# Have I damaged my carpet?



## Immortal Tekniq (Mar 11, 2009)

Hi guys,

My footrest pedal area was looking a bit grimy, see first picture below:


bulk image uploader

So I used a wet vac and now the carpet fibres seem to be long? Please see picture below:


bulk image upload

Does this look ok or??? If not is there anything I can do to make it look better?
Any help appreciated!


----------



## Caledoniandream (Oct 9, 2009)

Wait until it is 100% dry and than brush it with a furniture brush.
When it all lays flat again it will look more normal.


----------



## Immortal Tekniq (Mar 11, 2009)

Caledoniandream said:


> Wait until it is 100% dry and than brush it with a furniture brush.
> When it all lays flat again it will look more normal.
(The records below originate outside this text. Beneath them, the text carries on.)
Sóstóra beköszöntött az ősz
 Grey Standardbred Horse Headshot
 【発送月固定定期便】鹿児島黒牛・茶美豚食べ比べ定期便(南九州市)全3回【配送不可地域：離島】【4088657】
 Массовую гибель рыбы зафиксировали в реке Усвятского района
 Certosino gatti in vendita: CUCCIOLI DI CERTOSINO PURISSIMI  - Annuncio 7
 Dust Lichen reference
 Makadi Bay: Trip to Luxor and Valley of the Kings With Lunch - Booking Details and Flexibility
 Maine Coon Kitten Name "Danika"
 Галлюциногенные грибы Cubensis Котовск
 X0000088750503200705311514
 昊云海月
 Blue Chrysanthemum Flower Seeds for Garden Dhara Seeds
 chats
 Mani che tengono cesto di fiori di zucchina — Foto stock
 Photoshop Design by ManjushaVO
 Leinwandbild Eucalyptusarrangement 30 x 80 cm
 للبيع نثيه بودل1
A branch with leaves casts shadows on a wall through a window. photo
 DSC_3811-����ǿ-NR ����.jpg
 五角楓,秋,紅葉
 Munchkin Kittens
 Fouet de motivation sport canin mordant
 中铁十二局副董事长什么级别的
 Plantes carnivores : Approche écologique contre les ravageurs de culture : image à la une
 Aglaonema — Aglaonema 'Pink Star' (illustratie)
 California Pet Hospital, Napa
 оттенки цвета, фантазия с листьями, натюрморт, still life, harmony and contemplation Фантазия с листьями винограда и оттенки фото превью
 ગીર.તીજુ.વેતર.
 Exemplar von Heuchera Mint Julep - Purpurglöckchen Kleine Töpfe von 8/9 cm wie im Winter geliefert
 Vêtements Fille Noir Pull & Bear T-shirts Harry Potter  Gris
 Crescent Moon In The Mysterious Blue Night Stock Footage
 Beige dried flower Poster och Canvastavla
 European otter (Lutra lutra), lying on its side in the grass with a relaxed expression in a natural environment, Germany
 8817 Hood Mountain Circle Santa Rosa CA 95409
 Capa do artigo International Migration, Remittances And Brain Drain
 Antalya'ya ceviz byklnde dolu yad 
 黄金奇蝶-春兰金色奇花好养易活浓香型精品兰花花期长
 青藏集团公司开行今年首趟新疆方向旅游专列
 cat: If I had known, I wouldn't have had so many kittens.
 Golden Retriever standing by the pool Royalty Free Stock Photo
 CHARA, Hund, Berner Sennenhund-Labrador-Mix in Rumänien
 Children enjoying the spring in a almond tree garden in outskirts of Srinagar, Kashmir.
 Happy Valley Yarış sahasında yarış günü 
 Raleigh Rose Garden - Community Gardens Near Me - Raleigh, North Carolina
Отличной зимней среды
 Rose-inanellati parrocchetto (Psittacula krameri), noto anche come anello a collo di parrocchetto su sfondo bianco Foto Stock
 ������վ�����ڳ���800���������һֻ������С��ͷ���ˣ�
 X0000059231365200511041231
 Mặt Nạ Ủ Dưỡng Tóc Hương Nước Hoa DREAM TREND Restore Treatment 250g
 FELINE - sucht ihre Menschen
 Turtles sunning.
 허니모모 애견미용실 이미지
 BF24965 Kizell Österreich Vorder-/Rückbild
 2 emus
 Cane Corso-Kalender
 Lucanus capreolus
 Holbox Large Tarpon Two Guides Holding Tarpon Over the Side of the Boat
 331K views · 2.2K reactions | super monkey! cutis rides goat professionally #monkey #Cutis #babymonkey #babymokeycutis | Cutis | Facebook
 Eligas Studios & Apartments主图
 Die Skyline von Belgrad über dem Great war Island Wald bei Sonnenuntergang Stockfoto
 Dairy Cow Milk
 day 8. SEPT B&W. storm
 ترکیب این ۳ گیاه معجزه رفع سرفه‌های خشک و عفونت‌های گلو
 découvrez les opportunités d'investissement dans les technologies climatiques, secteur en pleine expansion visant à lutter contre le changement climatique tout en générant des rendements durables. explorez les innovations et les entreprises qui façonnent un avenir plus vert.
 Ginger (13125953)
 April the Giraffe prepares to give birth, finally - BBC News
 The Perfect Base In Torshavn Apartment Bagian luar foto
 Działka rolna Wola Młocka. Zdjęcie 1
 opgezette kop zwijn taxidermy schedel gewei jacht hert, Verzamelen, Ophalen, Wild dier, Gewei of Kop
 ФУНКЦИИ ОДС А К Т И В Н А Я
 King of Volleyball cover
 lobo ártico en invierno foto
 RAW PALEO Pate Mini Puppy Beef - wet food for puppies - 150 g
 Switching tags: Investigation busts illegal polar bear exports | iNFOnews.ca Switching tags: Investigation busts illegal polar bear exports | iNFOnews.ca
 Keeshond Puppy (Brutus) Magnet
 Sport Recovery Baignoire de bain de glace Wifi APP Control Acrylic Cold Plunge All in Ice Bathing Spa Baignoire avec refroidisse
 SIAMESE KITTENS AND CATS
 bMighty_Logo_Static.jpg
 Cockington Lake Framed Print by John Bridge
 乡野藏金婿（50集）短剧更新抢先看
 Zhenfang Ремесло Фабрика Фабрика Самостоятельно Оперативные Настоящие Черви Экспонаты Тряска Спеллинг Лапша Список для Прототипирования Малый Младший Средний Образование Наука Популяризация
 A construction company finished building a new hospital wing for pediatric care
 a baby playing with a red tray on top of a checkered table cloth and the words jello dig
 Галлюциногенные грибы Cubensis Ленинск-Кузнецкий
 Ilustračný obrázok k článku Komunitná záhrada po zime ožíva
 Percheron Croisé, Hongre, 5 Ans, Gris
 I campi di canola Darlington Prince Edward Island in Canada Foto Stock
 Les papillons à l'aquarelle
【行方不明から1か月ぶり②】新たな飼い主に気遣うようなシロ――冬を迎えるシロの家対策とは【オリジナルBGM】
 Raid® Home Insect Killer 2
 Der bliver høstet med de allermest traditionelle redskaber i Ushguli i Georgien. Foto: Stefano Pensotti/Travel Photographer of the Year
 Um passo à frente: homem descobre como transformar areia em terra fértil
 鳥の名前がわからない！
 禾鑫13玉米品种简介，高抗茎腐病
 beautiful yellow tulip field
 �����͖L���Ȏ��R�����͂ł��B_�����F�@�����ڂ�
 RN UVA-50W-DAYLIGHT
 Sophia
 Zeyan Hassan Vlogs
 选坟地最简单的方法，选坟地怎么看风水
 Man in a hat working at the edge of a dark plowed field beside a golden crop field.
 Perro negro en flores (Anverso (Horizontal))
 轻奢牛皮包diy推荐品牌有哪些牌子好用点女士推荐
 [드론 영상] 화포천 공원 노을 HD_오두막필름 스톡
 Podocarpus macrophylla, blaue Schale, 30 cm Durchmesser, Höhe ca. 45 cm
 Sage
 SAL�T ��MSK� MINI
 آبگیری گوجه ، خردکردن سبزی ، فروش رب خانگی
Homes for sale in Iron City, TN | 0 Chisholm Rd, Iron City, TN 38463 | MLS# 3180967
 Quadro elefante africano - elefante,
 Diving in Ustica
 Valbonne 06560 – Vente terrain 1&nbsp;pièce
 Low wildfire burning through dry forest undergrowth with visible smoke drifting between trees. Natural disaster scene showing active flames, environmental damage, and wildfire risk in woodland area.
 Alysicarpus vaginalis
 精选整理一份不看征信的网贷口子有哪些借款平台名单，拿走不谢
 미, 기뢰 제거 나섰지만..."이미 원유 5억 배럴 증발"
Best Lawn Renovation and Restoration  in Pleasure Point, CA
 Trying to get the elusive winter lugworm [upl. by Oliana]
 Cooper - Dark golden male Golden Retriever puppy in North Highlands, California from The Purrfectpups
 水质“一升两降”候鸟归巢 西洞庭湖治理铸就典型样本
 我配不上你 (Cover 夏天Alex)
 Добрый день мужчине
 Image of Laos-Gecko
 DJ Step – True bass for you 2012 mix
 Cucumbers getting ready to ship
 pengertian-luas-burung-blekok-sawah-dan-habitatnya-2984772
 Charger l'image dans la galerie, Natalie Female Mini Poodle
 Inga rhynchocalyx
What does a furniture brush look like?!


----------



## scooobydont (Feb 25, 2017)

https://lmgtfy.app/?q=furniture+brush


----------



## digitaluk (Apr 13, 2012)

Agreed with the above. Just needs to dry and be brushed


----------



## ReflectionHD (May 7, 2021)

Immortal Tekniq said:


> Hi guys,
> 
> My footrest pedal area was looking a bit grimy, see first picture below:
> 
> ...


Hi, you have stretch the pile of the carpet do what Caledoniandream said and wait until its completely dry and brush it might not got back to how it was but will defiantly look better. :thumb:


----------



## The happy goat (Jun 26, 2019)

My hair looks longer when wet!


----------



## Soul boy 68 (Sep 8, 2013)

Just give it a trim with a pair of scissors. :lol: Joking aside it should flatten out when fully dry and probably when your foot catches the fibers.


----------



## Soul boy 68 (Sep 8, 2013)

scooobydont said:


> https://lmgtfy.app/?q=furniture+brush


:lol::lol:


----------